EXERCISE OBJECTIVE:
Go through the records and extract every line with the word "Construction".

--- INPUT DATA Enclosed Below ---

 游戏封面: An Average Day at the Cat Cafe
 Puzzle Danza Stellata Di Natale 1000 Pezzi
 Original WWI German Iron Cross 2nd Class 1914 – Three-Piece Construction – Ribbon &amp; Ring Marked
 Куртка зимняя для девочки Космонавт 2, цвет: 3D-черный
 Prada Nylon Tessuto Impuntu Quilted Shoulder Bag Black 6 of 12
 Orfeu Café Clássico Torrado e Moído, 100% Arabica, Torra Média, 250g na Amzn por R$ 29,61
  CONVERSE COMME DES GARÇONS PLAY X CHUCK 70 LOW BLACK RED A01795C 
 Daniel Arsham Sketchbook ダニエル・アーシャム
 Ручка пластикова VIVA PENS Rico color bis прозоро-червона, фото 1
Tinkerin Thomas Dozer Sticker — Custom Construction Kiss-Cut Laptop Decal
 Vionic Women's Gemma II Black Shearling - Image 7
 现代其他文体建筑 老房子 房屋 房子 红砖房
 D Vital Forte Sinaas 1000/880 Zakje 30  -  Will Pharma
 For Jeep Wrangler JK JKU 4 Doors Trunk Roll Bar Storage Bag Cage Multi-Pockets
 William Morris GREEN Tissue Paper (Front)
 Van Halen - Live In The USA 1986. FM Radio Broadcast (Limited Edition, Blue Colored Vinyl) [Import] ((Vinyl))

--- End of Enclosed INPUT DATA ---

RESPONSE:
 Original WWI German Iron Cross 2nd Class 1914 – Three-Piece Construction – Ribbon &amp; Ring Marked
Tinkerin Thomas Dozer Sticker — Custom Construction Kiss-Cut Laptop Decal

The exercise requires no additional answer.